The Barents Sea capelin has undergone dramatic changes in stock size over the last three decades. Three stock collapses (when abundance was low and fishing moratoriums imposed) occurred during 1985–1989, 1993–1997, and 2003–2006. A sharp reduction in stock size was also observed during 2014–2016; followed by an unexpectedly strong increase during 2016–2017. Observed stock biomass in 2015 and 2016 was below 1 million tonnes, which previously was defined as the threshold of collapse, while stock biomass increased to above 1 million tonnes in 2017-2018. Despite indications that capelin stock size was underestimated in 2016, at present 2015–2016 is recognized as a ‘mini-collapse’.
Cod is the major predator on capelin; although other fish species, seabirds and marine mammals are also important predators. In the last 6–7 years, cod stock levels have been extremely high in the Barents Sea. Estimated biomass of capelin consumed by cod in recent years has been close to the biomass of the entire capelin stock (Figure 4.2.3). Abundance levels of predators other than cod are also high and, to our knowledge, stable.
Not updated as 2017 data for diet of capelin and polar cod were not yet available
Eleven years (2006–2016) of capelin diet were examined from the Barents Sea where capelin is a key forage species, especially of cod. The PINRO/IMR mesozooplankton distribution shows low plankton biomass in the central Barents Sea, most likely due to predation pressure from capelin and other pelagic fish. This pattern was also observed in 2017. In the Barents Sea, a pronounced shift in the diet from smaller (<14 cm) to larger capelin (≥14 cm) is observed.
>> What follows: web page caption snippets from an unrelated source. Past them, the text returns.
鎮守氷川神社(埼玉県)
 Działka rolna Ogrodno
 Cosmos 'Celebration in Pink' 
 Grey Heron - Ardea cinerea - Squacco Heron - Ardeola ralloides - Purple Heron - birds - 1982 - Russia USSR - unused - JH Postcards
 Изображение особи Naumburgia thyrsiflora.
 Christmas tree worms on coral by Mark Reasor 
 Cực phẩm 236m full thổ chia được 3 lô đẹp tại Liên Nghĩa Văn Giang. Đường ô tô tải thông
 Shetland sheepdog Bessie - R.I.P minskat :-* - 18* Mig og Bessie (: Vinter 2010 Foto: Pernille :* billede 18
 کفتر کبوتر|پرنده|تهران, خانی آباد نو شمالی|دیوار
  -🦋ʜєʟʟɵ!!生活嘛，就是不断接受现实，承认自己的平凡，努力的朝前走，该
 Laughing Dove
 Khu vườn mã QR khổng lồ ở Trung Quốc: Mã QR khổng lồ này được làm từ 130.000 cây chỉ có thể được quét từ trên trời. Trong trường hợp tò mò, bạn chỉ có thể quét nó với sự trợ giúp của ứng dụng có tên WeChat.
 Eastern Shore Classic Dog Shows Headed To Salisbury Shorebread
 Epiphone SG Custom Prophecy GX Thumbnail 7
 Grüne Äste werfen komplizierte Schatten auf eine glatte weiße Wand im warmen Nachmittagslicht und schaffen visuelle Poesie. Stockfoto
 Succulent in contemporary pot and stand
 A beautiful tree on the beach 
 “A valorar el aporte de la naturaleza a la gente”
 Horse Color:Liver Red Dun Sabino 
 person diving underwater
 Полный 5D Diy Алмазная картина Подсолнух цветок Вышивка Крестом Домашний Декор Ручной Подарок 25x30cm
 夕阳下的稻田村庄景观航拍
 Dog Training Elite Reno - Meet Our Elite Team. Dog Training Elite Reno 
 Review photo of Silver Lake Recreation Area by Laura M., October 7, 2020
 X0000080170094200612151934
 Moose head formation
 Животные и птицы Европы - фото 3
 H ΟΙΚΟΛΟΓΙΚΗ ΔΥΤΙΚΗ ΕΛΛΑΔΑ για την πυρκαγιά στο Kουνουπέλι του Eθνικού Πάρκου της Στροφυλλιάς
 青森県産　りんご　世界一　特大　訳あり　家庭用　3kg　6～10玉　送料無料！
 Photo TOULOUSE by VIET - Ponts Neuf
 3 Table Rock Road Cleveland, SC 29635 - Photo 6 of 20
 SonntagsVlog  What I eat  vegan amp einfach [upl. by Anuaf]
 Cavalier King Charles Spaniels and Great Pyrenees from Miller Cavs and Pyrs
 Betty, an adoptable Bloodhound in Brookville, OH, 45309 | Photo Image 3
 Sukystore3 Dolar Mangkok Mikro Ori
The interaction cod-capelin-polar cod is one of the key factors regulating the state of these stocks. Cod prey on capelin and polar cod, and the availability of these species for cod varies. Сod can strongly influence on numbers of these species. In the years when the temperature was close to the long-term mean, the cod overlap with capelin and polar cod was lower than in the recent warm years. Cod typically consume most capelin during the capelin spawning migration in spring (quarters 1+2), but especially in recent years the consumption has been high also in autumn (quarters 3+4) in the northern areas (Figure 4.2.3). In 2017-2018 capelin consumption by cod was stable.